Possibly lots of lines. Maybe `code` stuff.
{% examplecode opt-lang-tag %}
ABC
DEF
{% endexamplecode %}
More text. Possibly multilines.
{% othertag %}
can ignore this tag
{% endothertag %}
{% requiredcode %}
GHI
{% endrequiredcode %}
In this case I need to parse out [ "ABC\nDEF"; "GHI" ]
.
The parsing logic I'm after can be expressed imperatively. Loop through each line, if we find a start tag we're interested in, take lines until we match the closing tag and add those lines to the list of results, otherwise skip lines until the next start tag. Repeat.
This can be done with a loop or fold, or with a regular expression:
\{%\s*(examplecode|requiredcode).*\%}(.*?)\{%\s*end\1\s*%\}
I found it difficult to express the logic above in FParsec. I wanted to write something like between s t (everythingUntil t)
, but I don't know how to implement that without everythingUntil
consuming the end token, causing between
to fail.
I ended up with the following, which doesn't handle nested occurrences of "{%"
, but seems to pass the main test cases I care about:
let trimStr (s : string) = s.Trim()
let betweenStr s t = between (pstring s) (pstring t)
let allTill s = charsTillString s false maxInt
let skipAllTill s = skipCharsTillString s false maxInt
let word : Parser<string, unit> = many1Satisfy (not << Char.IsWhiteSpace)
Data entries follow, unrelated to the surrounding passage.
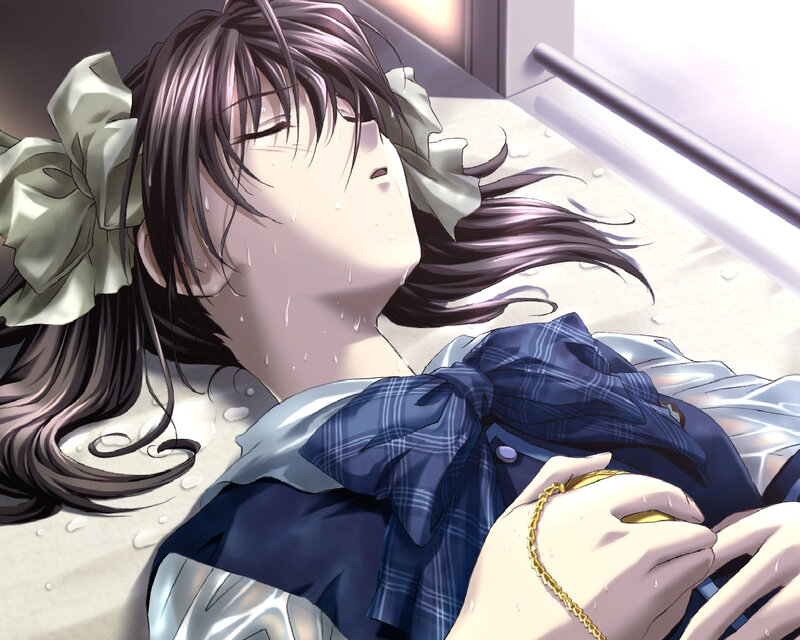 Anime Girl Lying Down — Blue, Dramatic, Hair Bow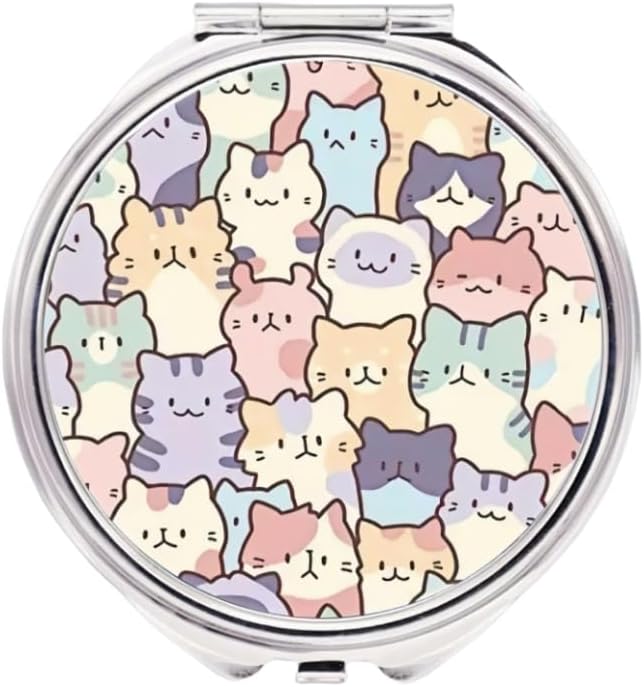 3 Compartments Detachable Mini Pill Case for Purse Pocket, Travel Pill Organizer, Small Portable Metal Pill Box with, Three Times a Day Pill Container for Children, Men and Women - Cute Colored Cat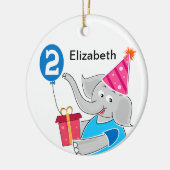 2e verjaardag olifant keramisch ornament (Links)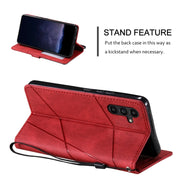 For Samsung Galaxy S25+ 5G Skin Feel Splicing Leather Phone Case(Red)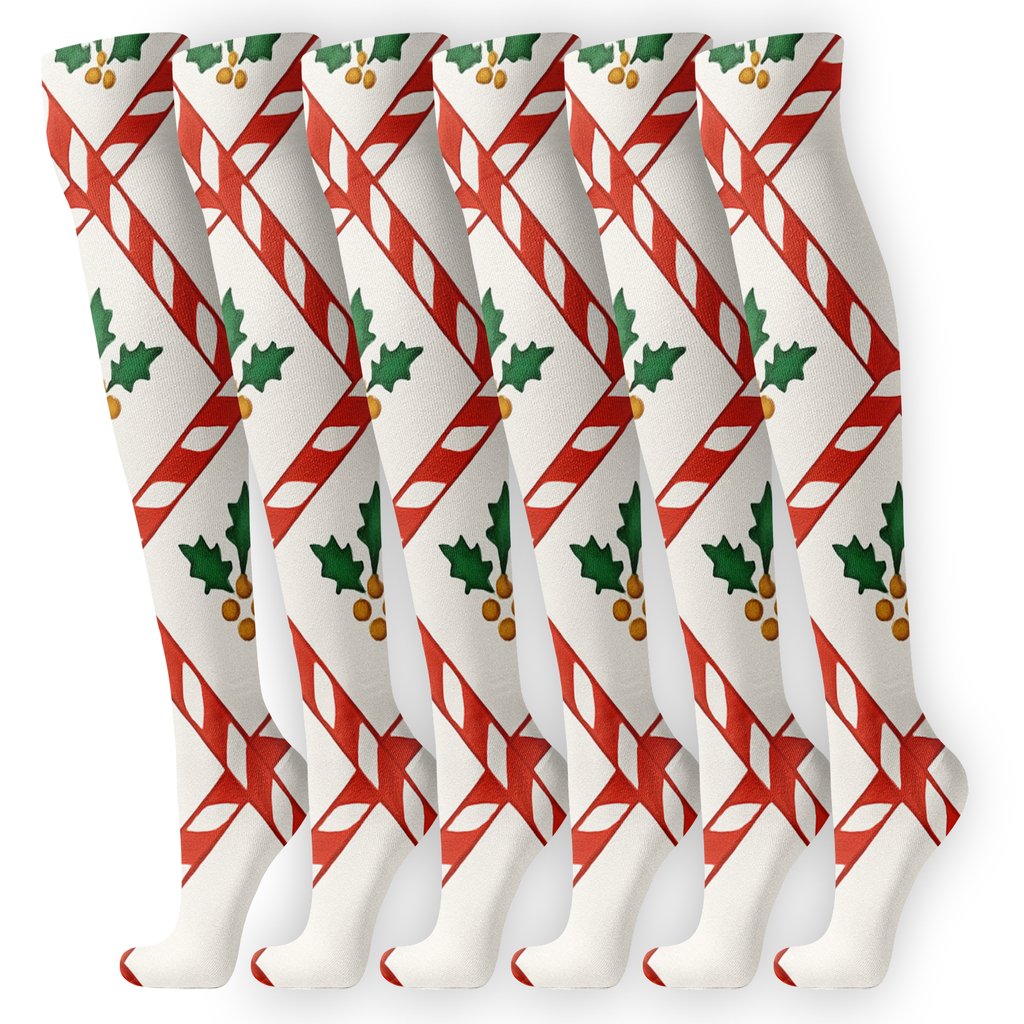Candy Cane Grid Holiday Lattice soft everyday knee-high socks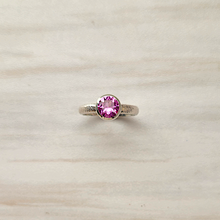 Pink Sapphire Silver Hammered Maxi Ring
type LiquidTag = private LiquidTag of name : string * contents : string
let makeTag n c = LiquidTag (n, trimStr c)
let liquidTag =
let pStartTag = betweenStr "{%" "%}" (spaces >>. word .>> spaces .>> skipAllTill "%}")
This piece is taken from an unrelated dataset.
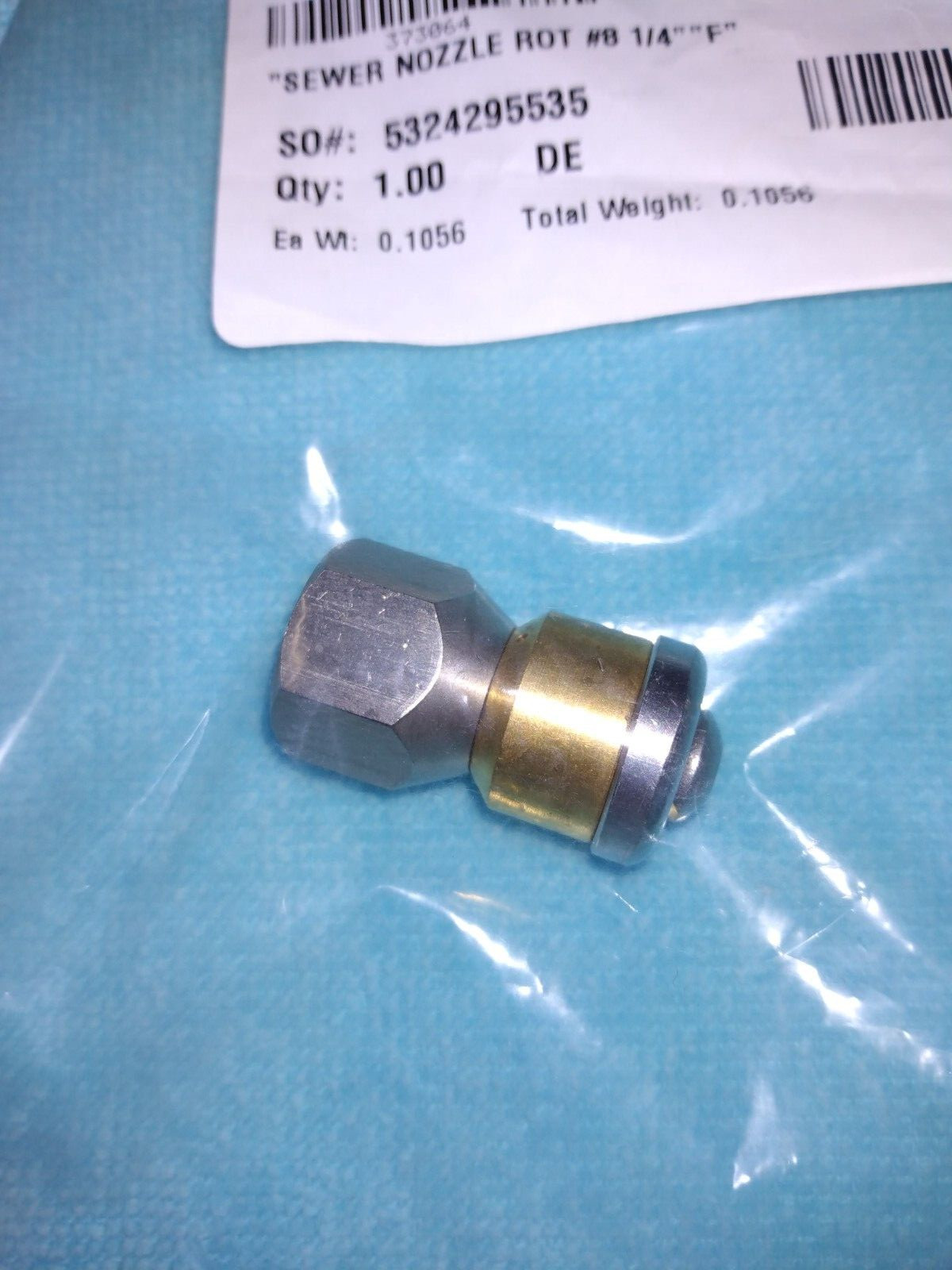 Rotating Sewer Jetting Nozzle #8.0, 3 Back, 1/4″ FPT, Suttner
let pEndTag tagName = betweenStr "{%" "%}" (spaces >>. pstring ("end" + tagName) .>> spaces)
let tagContents = allTill "{%"
pStartTag >>= fun name ->
tagContents
.>> pEndTag name
|>> makeTag name
let tags = many (skipAllTill "{%" >>. liquidTag)
I can then filter tags to only include the ones I'm interested in.
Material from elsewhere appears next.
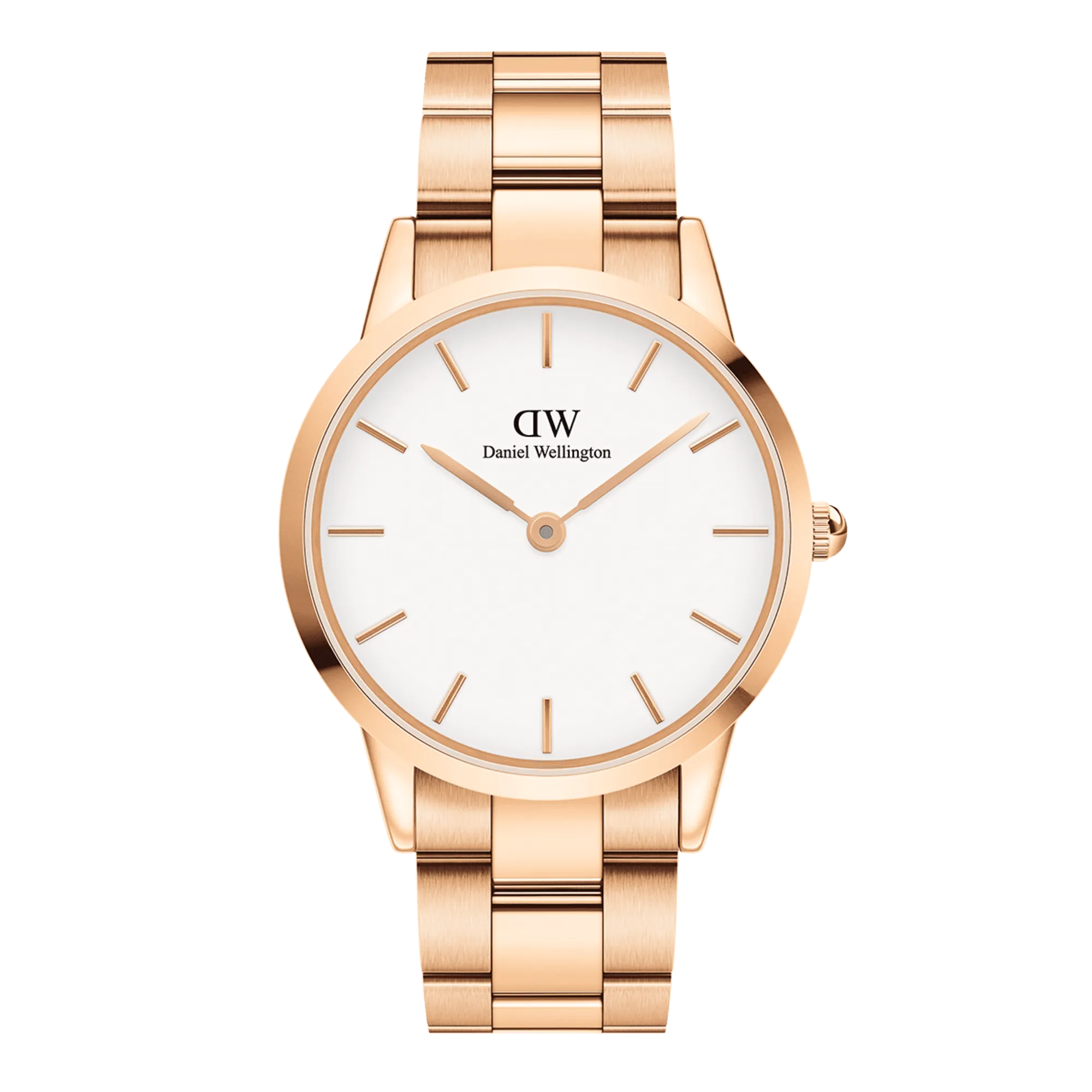 Daniel Wellington Iconic Link 36 Rose Gold & White Watch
This does a lot more than a basic implementation (like a regex) does, such as descriptive error reporting and more strict validation of input format (this is both good and bad).
One consequence of the stricter format is parsing fails on nested "{%"
substrings within tags. I'm not sure how I'd adjust it to handle this case (should give [ "ABC {% DEF " ]
):
{% examplecode %}
ABC {% DEF
{% endexamplecode %}
Is there a way to more closely express the logic described in the "Problem description" section in FParsec, or does the free-form nature of the input make FParsec less suited to this than a more basic loop or regex?
(I'm also interested in ways to allow nested "{%"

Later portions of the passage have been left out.